Across the entries below, how many lines include the word "medical"? Reply with only the number.

- [AVAILABLE RECORDS]
========================
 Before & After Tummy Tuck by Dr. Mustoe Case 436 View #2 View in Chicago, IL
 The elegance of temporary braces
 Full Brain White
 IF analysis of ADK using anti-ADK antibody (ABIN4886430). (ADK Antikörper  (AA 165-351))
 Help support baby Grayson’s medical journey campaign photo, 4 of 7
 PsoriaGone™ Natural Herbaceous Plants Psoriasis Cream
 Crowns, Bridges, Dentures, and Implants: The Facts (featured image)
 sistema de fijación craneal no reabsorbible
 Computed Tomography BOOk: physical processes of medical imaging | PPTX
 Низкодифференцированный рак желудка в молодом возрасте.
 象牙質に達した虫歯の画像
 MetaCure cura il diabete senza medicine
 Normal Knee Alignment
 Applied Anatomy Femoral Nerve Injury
========================
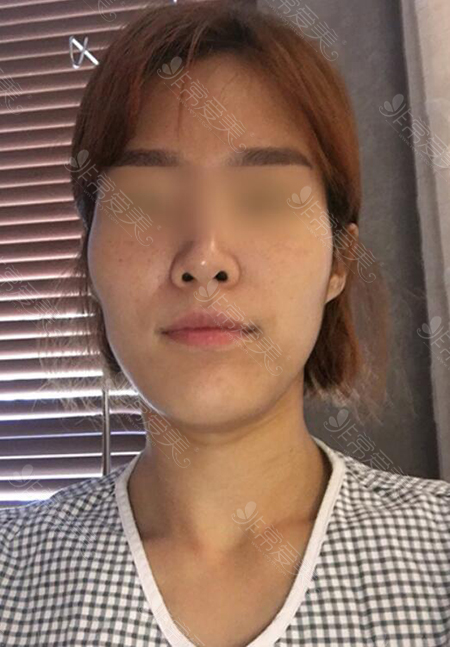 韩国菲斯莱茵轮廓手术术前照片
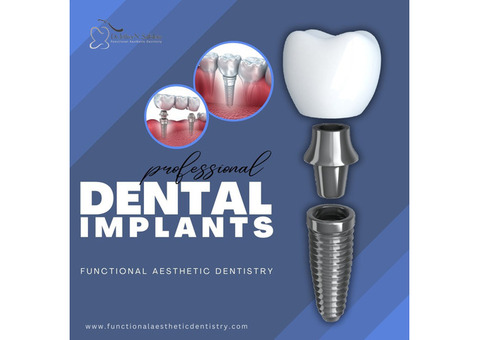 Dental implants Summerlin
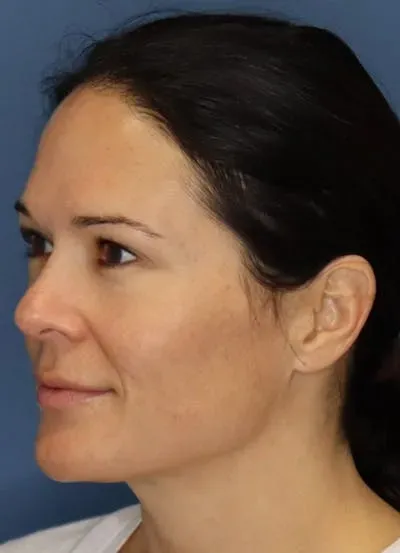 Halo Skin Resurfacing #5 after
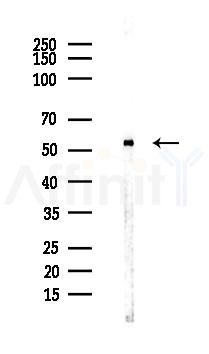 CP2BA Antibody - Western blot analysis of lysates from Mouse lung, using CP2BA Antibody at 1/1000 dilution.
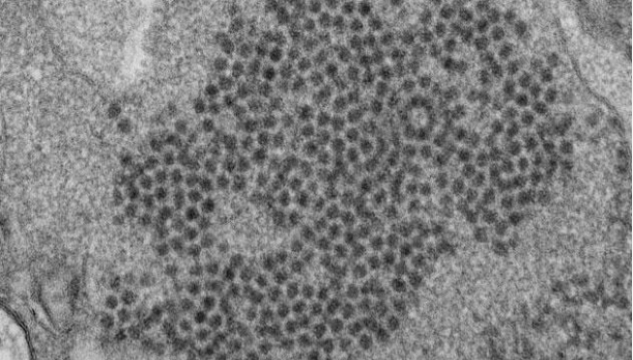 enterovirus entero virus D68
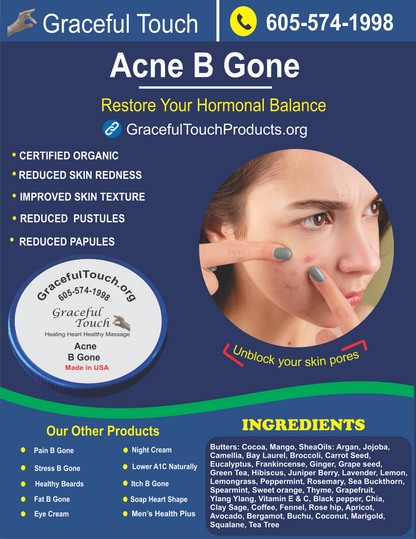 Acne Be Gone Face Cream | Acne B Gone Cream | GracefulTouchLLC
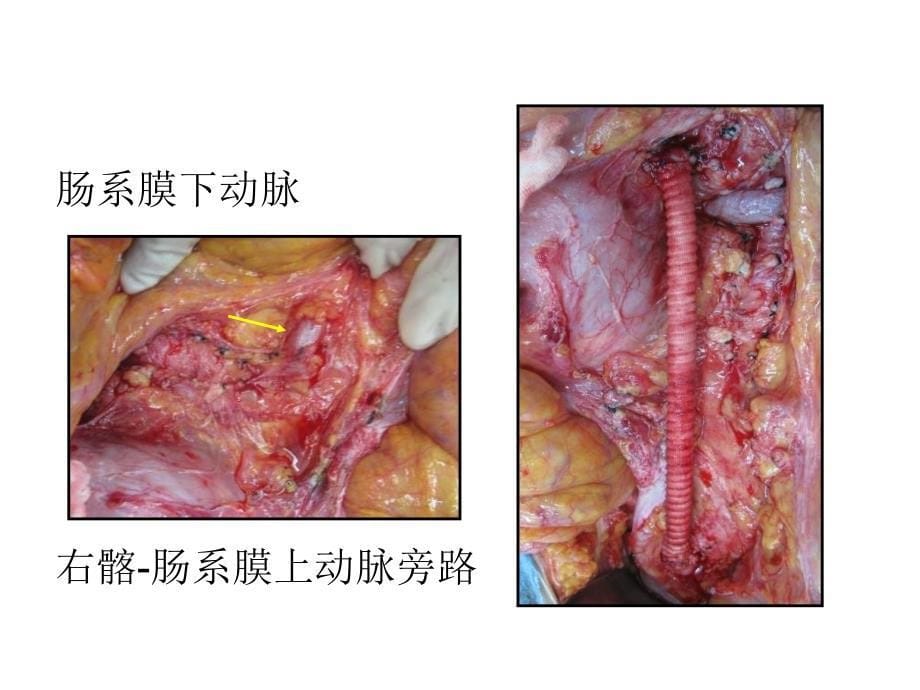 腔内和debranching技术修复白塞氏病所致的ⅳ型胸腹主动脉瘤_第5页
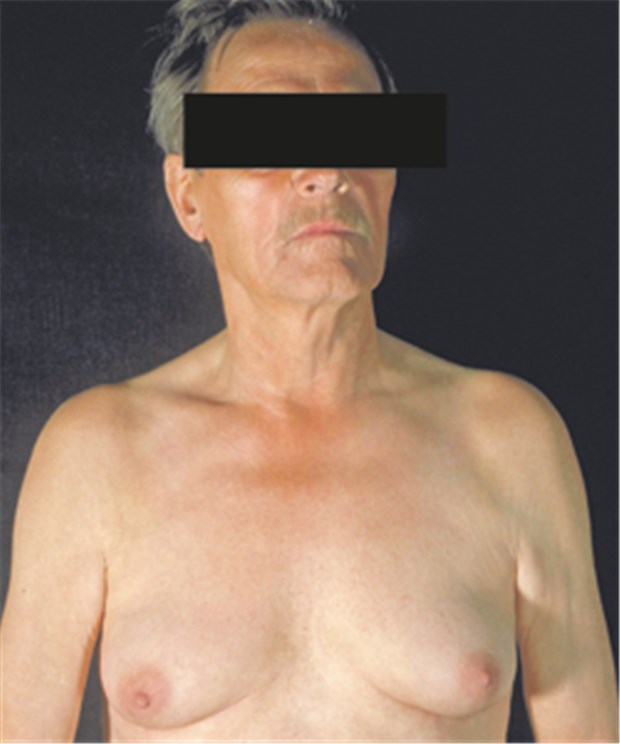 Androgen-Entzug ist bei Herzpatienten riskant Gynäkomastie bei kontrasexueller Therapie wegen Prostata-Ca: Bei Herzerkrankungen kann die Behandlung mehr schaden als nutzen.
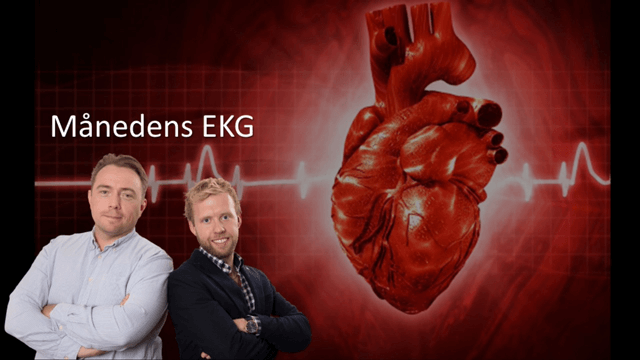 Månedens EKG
========================
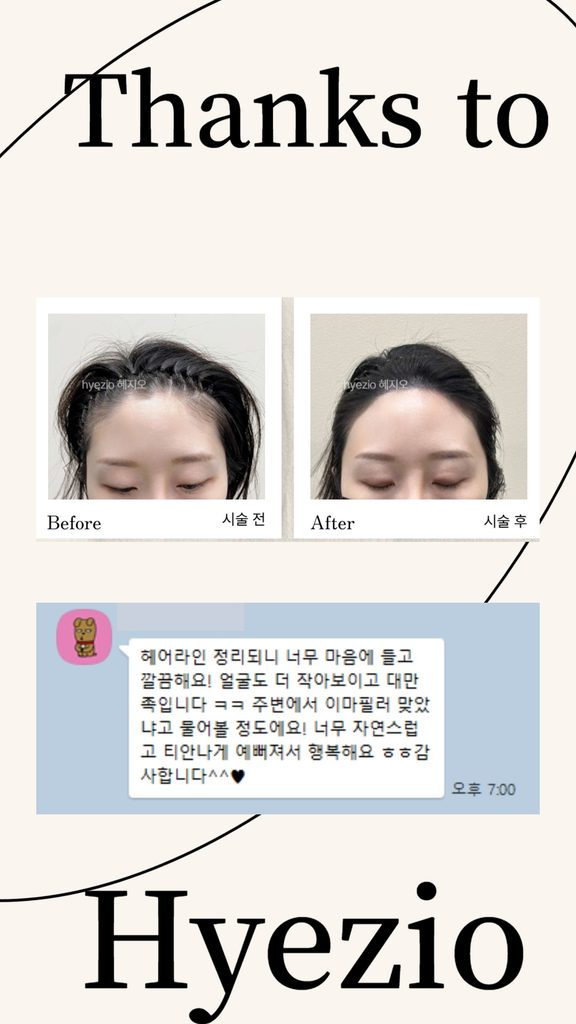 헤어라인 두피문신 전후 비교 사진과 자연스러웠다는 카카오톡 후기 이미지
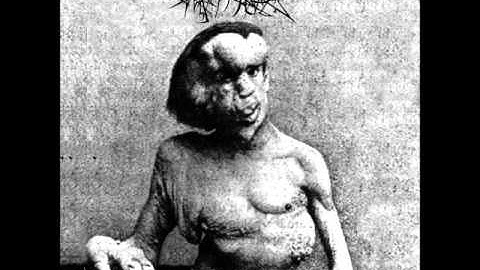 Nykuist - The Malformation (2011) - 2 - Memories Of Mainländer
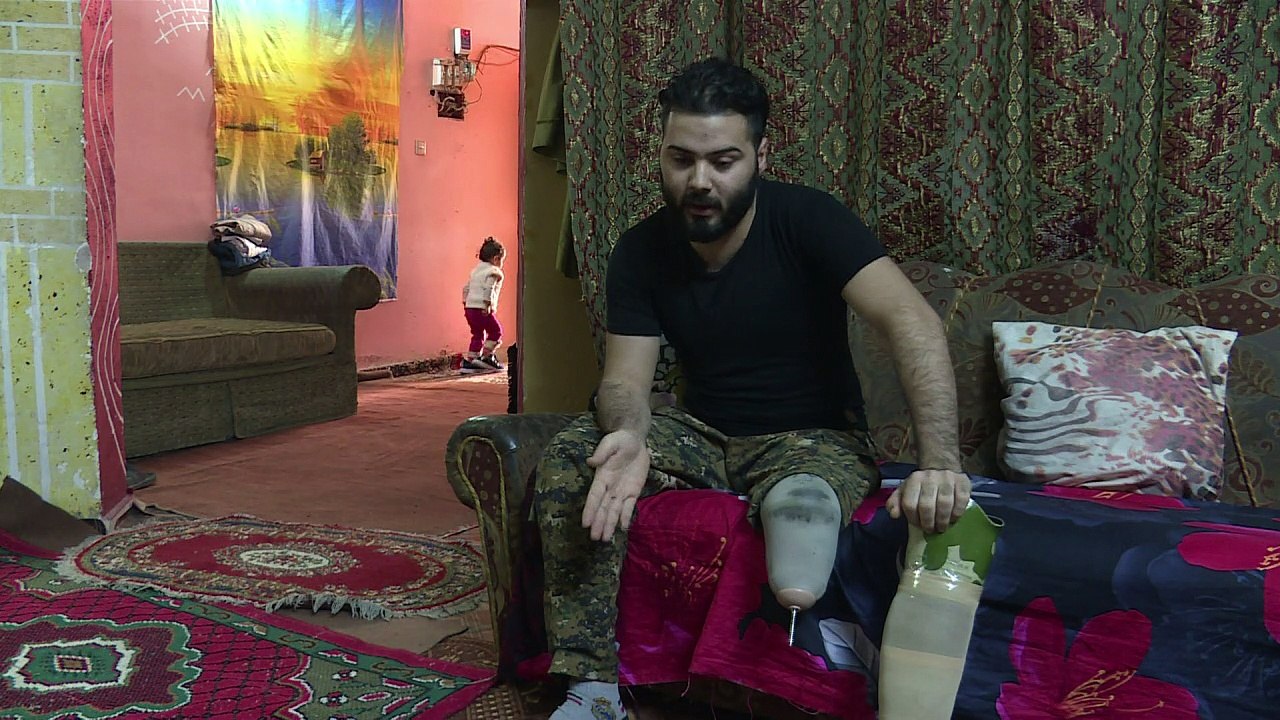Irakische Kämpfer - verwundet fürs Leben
========================
- [SOLUTION FOR THIS PROBLEM] 2